=== TASK TO CARRY OUT ===
Down to the last word, output the records below, skipping any images.

=== Source records ===
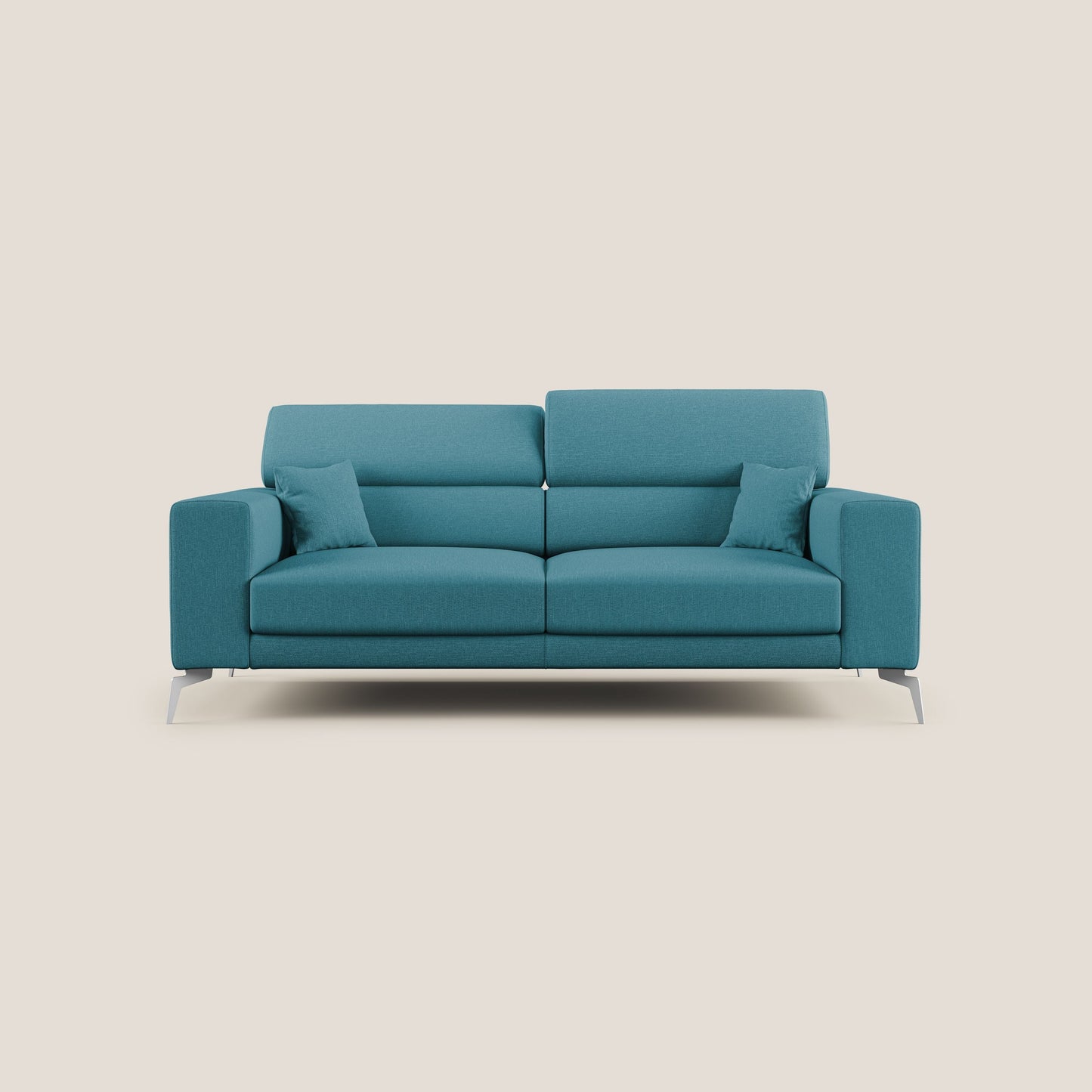 Blade Divano con poggiatesta reclinabili in tessuto impermeabile misto cotone T13 azzurro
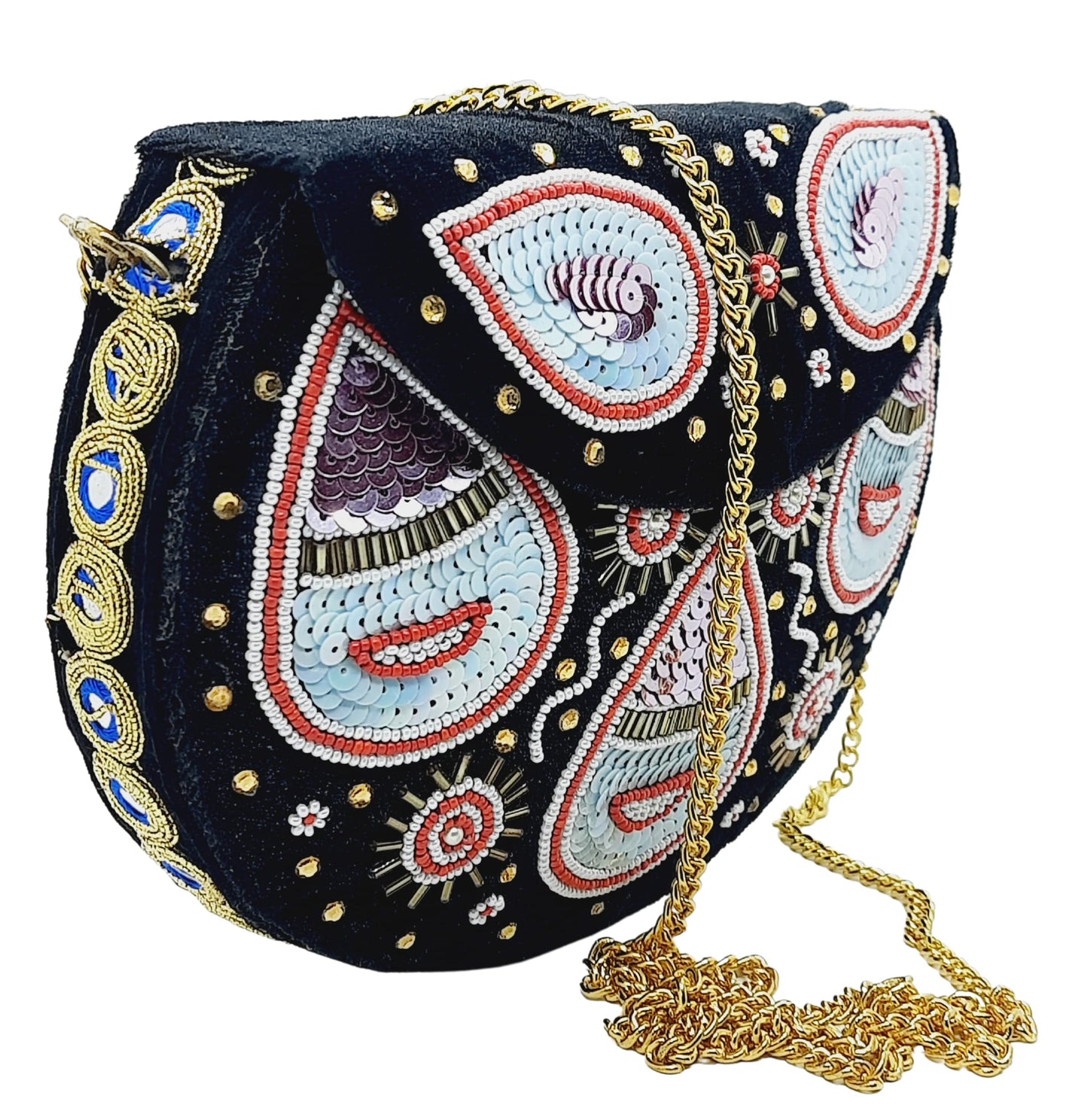 Trend Overseas Black Embroidery Beaded Ethnic purse Girls Bridal Bag cross body party bag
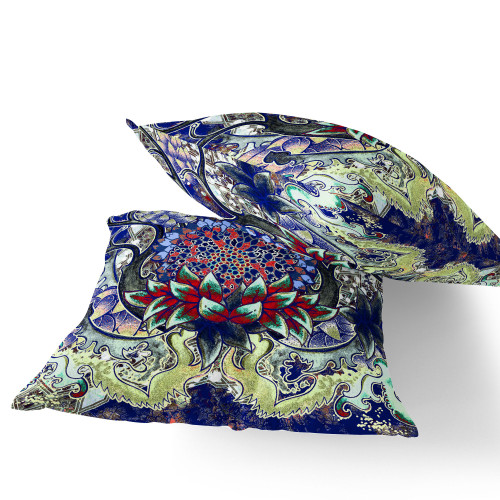 Set of Two Blue Red Green And White Sunflower Indoor Outdoor Throw Pillow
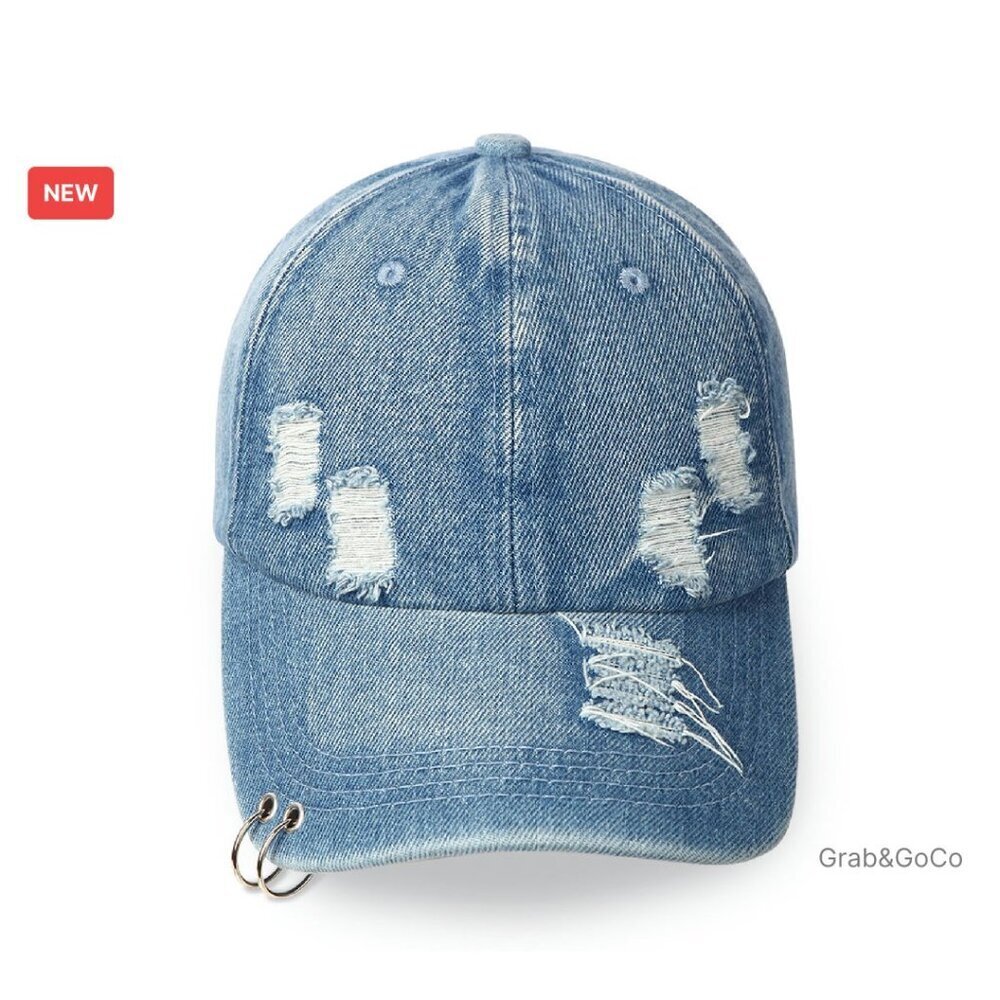 Vintage Distressed Denim Baseball Cap Adjustable Clip Universal Fit Retro Y2K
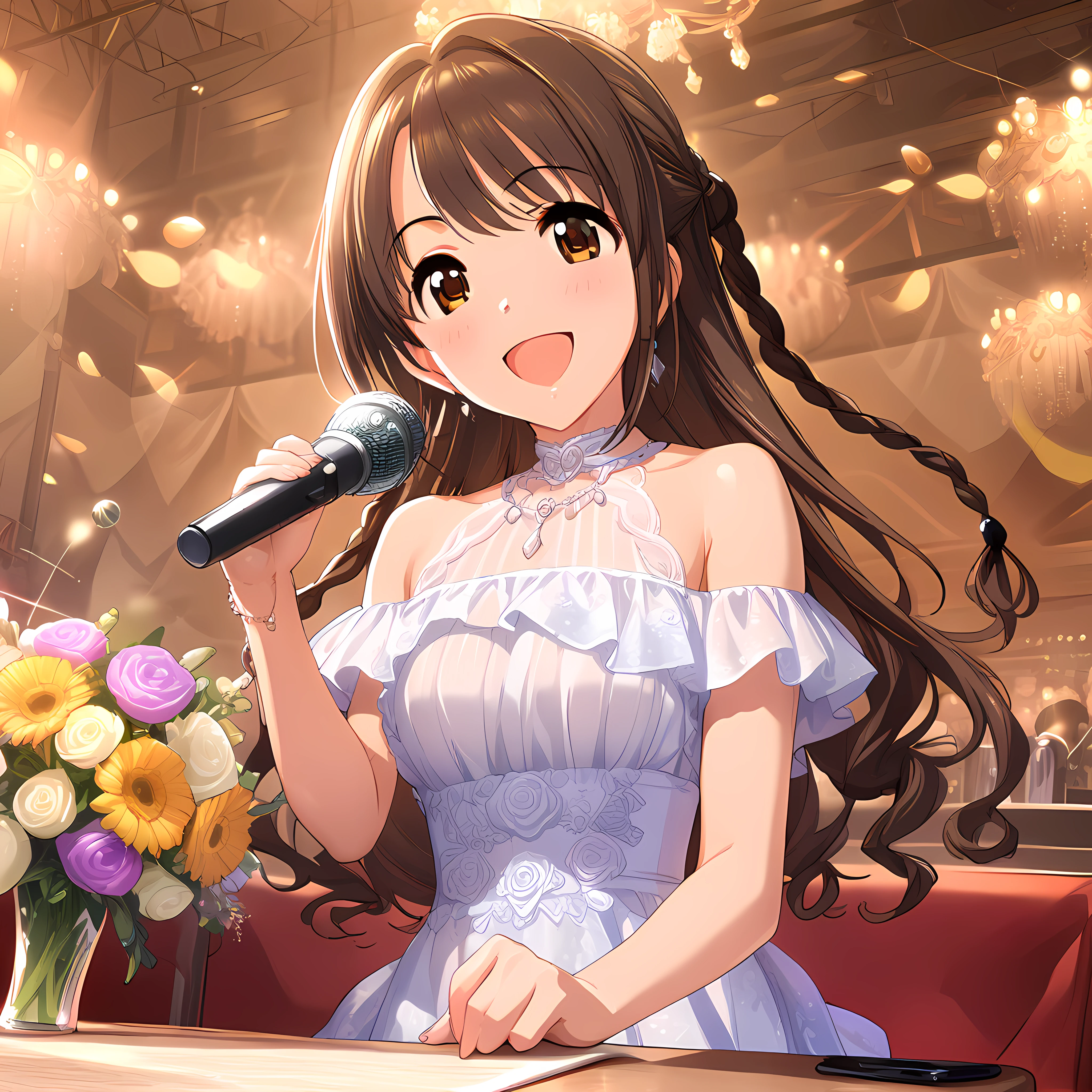 (masterpiece),(best quality),(ultra-detailed),(best illustration),(best shadow),(absurdres),(detailed background),(very aesthetic),uzuki shimamura, dressoutfit, 1girl, jewelry, long hair, brown hair, dress, solo, microphone, braid, smile, flower<lora:uzukishimamurav1:1>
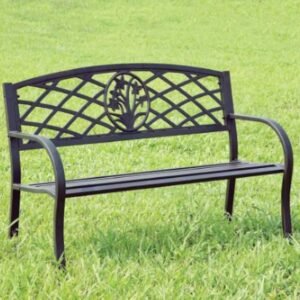 Steel Garden Bench, Patio Floral 2-Seater for Outdoor Relaxation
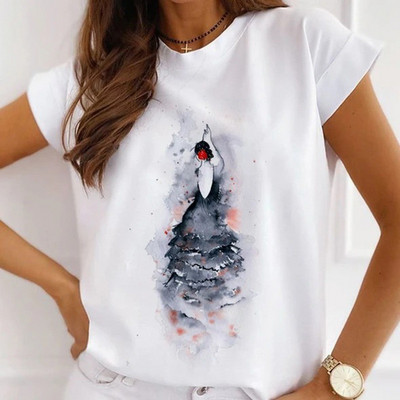 Meiteņu T-krekli ar rožu apdruku Sieviešu vasaras grafikas T-krekli Smieklīgi krekli sievietēm Tkrekli ar brīvu apkakli Harajuku topi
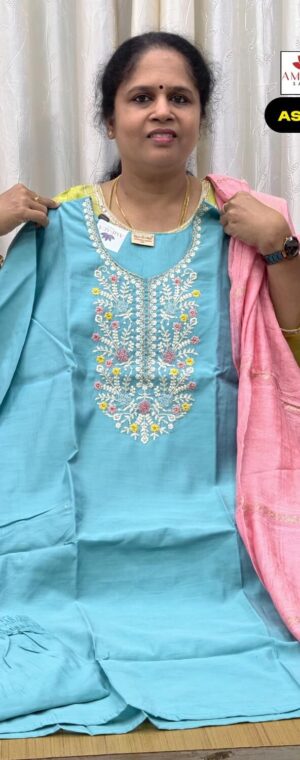 Sky Blue Color Soft Cotton Kurti Set With Dupatta | ASF851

=== EXERCISE RESPONSE ===
 Blade Divano con poggiatesta reclinabili in tessuto impermeabile misto cotone T13 azzurro
 Trend Overseas Black Embroidery Beaded Ethnic purse Girls Bridal Bag cross body party bag
 Set of Two Blue Red Green And White Sunflower Indoor Outdoor Throw Pillow
 Vintage Distressed Denim Baseball Cap Adjustable Clip Universal Fit Retro Y2K
 (masterpiece),(best quality),(ultra-detailed),(best illustration),(best shadow),(absurdres),(detailed background),(very aesthetic),uzuki shimamura, dressoutfit, 1girl, jewelry, long hair, brown hair, dress, solo, microphone, braid, smile, flower<lora:uzukishimamurav1:1>
 Steel Garden Bench, Patio Floral 2-Seater for Outdoor Relaxation
 Meiteņu T-krekli ar rožu apdruku Sieviešu vasaras grafikas T-krekli Smieklīgi krekli sievietēm Tkrekli ar brīvu apkakli Harajuku topi
 Sky Blue Color Soft Cotton Kurti Set With Dupatta | ASF851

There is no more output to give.